Dr Henderson also recently worked on designing a cooling system for Trump Tower in Chicago.
“I would like to say I wish I weren't working on this because it’s all a bit too political for me,” he said. “But the project is about looking after the fish in the Chicago river. The tower has a water intake that runs up 90 storeys.”
Dr Henderson worked on water intake systems for nuclear power plants in the US and Britain, including Hinkley Point C.
He added: “I’ve also worked for a tribe of Amerindians living on the Amazon to help them when their waters were being affected by an inshore oil rig in the region.
“The drilling operations were reducing water quality and I worked to mitigate the issue.

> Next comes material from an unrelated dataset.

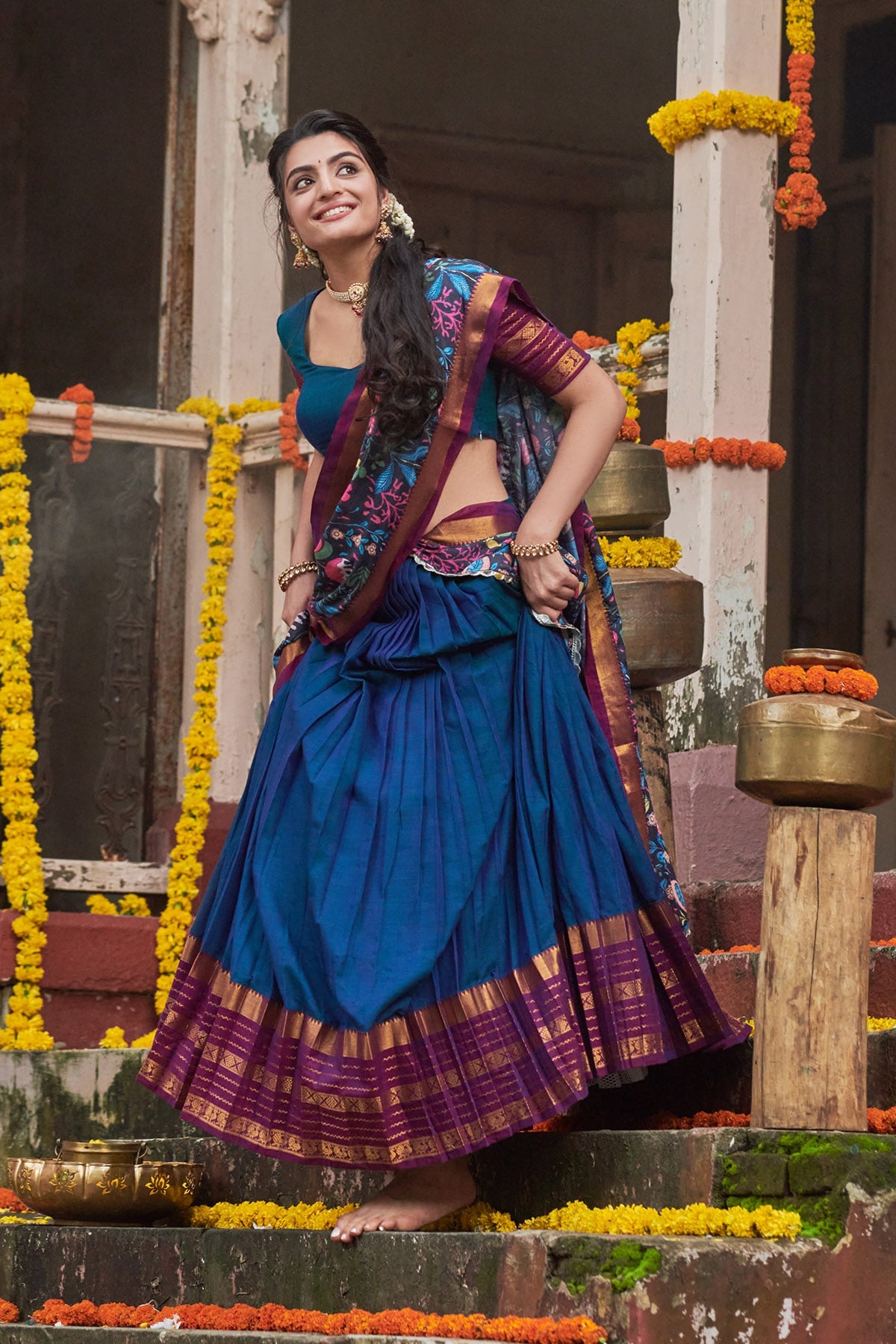 VISHNUKUND HANDLOOM LEHENGA SET BK695N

I really like doing a mix of practical and theoretical statistical modeling work.”
Dr Henderson designed the water intake system for the One World Trade Center in New York and has worked with Surfers Against Sewage on the west coast of the US. He has also worked for the American Non-Governmental Organisation the Sierra Club to improve pollution levels in lakes in the US.

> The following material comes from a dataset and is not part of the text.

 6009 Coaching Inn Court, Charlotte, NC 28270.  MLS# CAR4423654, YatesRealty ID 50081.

Upon receiving the Le Cren award in honour of a lifetime of work studying and protecting fish, during which he has authored around 150 scientific papers, Dr Henderson said he plans to use his acceptance speech to call for young researchers to be allowed to conduct longer term studies.

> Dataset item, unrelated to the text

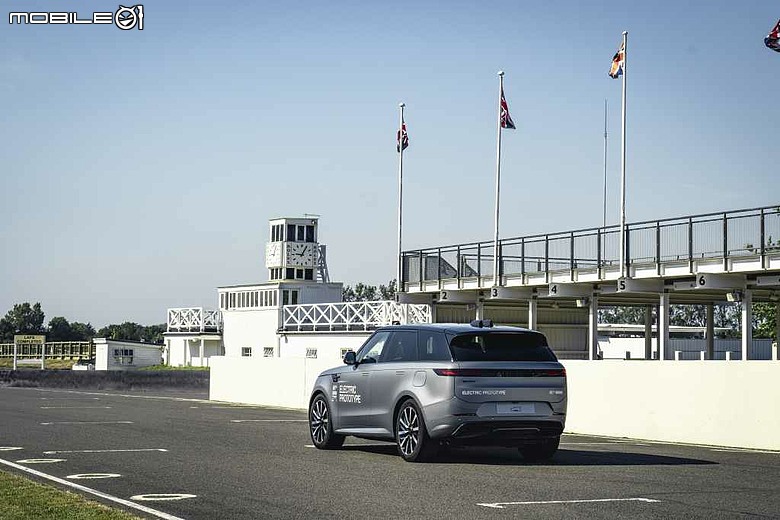 【海外新訊】預計下半年正式發表，Range Rover Sport Electric原型車搶先登場！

“There’s a lot of pressure on scientists these days to work quickly,” he said. “Most young scientists can’t invest 20 to 30 years into a series of studies any more; they have to publish papers in two to three years and the shortening of timescales for studies like these is damaging.
“I will be talking about my life of research, including 45 years’ overseeing the collection of samples of fish from the Bristol Channel, which I believe is the largest data set of its kind in the world.”
Discussing the environment in general, Dr Henderson warned against people focusing on climate change above all other environmental and ecological concerns.
“It doesn't do us good to focus only on climate issues in the face of other concerns such as sewage,” he explained. “I’d say the greatest threat to our inshore fisheries now are our wretched water companies pumping sewage into them.
“Climate change is an issue, but it’s not the only one.”
He continued: “I think in the last few years we've got the balance wrong. For example, Hinkley Point C needs a water intake of 120m³ per second, which sucks up millions of fish and crustaceans.
“But during public enquiries, issues like that are given no consideration at all.”
Dr Henderson said the Hinkley Point C project required the purchase of a nearby farmer’s field so it could be flooded to provide water intake for the station’s cooling system - but the move also “drowned all the badgers”.
“The studies that had been conducted hadn’t considered those badgers and the impact of that flooding.
“But if you try to put an extension on your home that affects a nearby badger sett then it would be a case of, ‘You can’t do that.’
“At one of the Hinkley Point C meetings I heard a somewhat known figure for a national charity say, ‘**** the badgers’ because they just weren't on the agenda at all.”
Underlining his point that solutions to ecological issues are not always universally good, Dr Henderson gave examples of improperly sited wind farms, where turbines get so “gummed up” with dead bugs they stop working.
He gave another example from the US in which migratory birds began confusing a newly built solar panel farm for a water body where they could land.
“Of course the birds are not stupid enough to crash into the panels, but they do still have to land.
“Unfortunately, the local coyotes figured this out and would lie in wait for the birds under the panels.
“This is what I mean about having to look at ecological solutions from all angles and understand there's no one size fits all solution.”